Но, доверившись силе интеллекта, став первым — и последним — в китайской истории поколением свободных мыслителей, призвавших разум править миром, философы эпохи Чжаньго неизбежно должны были воплотить в своей судьбе и внутренние противоречия чистого умозрения. Из верности логическим умозаключениям им пришлось отказываться от той самой независимости, которая позволила открыть эти законы. Начав с восстания против конфуцианского традиционализма и обещания предъявить миру универсальные критерии истины и лжи, эти философы, погрязнув в спорах об определении понятий, в конце концов, призвали «отречься от себя, отринуть знание». Единственным реальным прототипом их утопии разума стал призрак деспотической государственности. грозивший поглотить самих прожектёров.

Чжуан-Цзы — проницательный свидетель краха иллюзий «странствующих философов». И он не хочет повторять их ошибок. Мораль? Не бывало ещё подлеца, который не клялся бы её именем. Награждать за заслуги и наказывать за проступки? Злодея наказаниями не исправить, а порядочный человек и без наград будет жить честно. Государство? Пусть оно существует, но так, чтобы его никто не замечал. Вот весёлые истины этого заклятого врага всех учёных невежд, убеждённых в том, что они знают, «как надо». И первыми среди них стоят знатоки «социальной инженерии» деспотизма, мерящие людей безликим стандартом «угломера и отвеса» государственных законов, мечтающие всех затащить в прокрустово ложе казённых регламентов и ради торжества единой меры, готовые, по крылатому выражению Чжуан-Цзы, «вытягивать ноги уткам, отрубать ноги журавлям».

Чжуан-Цзы на редкость прозорливо для своей эпохи разглядел агрессивность и массовую паранойю, скрывавшиеся за демагогией деспотического порядка. Он смог увидеть, что внешнее насилие есть не более чем продолжение насилия внутреннего и его кажущаяся немотивированность обманчива, ибо исток насилия заключается в самом стремлении гипостазировать ценности, помыслить сущности, опредметить себя и мир.

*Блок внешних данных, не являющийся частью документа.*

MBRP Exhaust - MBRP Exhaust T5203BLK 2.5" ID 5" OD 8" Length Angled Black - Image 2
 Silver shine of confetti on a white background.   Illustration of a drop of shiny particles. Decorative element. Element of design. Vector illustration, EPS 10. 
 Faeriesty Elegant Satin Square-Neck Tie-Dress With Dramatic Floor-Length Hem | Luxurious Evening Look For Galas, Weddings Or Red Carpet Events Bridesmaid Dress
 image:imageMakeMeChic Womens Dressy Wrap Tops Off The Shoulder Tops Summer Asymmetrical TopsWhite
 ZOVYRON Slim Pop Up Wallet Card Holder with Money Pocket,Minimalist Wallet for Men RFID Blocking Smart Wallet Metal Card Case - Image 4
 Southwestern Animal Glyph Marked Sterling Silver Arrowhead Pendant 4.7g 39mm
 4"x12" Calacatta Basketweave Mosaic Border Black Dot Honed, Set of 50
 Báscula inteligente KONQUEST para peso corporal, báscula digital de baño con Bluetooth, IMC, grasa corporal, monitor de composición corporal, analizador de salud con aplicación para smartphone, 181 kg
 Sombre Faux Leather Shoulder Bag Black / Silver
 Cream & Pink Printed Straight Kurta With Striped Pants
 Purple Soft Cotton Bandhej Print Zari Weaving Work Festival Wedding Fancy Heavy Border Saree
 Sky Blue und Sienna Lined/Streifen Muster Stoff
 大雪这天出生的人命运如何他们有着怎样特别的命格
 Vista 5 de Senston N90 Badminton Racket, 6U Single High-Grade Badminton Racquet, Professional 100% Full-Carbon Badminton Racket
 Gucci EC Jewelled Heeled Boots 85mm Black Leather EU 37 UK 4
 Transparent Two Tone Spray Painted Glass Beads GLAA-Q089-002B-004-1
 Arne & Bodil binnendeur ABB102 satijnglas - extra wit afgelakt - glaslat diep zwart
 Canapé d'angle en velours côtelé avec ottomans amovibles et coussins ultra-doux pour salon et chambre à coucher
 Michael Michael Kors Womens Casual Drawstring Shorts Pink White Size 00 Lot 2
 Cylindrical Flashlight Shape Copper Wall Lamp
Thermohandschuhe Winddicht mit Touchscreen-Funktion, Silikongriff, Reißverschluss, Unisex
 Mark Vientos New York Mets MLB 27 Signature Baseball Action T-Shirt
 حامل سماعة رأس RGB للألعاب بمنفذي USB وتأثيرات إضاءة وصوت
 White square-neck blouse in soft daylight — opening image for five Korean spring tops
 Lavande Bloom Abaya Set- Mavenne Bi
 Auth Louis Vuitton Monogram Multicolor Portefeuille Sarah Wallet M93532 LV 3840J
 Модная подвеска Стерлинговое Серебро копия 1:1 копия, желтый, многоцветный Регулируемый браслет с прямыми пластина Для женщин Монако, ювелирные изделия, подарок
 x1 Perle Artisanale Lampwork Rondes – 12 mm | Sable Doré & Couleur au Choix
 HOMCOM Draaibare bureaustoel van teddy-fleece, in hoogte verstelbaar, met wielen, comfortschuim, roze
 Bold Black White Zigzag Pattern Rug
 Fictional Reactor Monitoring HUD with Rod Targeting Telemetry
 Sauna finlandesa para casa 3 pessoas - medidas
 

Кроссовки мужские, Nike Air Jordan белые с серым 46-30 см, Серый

Зло, утверждали даосы, появляется в тот момент, когда начинают призывать делать добро ради добра. И всякая дискурсия, всякая самоапология несут на себе родовое пятно этого первичного насилия, которое, будучи мерой отъединённости человека от мира, оказывается на самом деле не чем иным, как проявлением его бессилия. Отсюда вся двойственность отношения Чжуан-Цзы к известным ему апологетам цивилизации — конфуцианцам и монетам. Он гневно клеймит этих поборников «гуманности», «справедливости», «культурных достижений» и т.п., которые не замечают или не желают замечать, что общество, в котором они проповедуют, превращено с их помощью в толпу колодников, ждущих своей очереди положить голову на плаху. Но он и снисходительно смеётся над ними, ведь их величественные проекты общественного спасения словно очерчивают сферу человеческой беспомощности.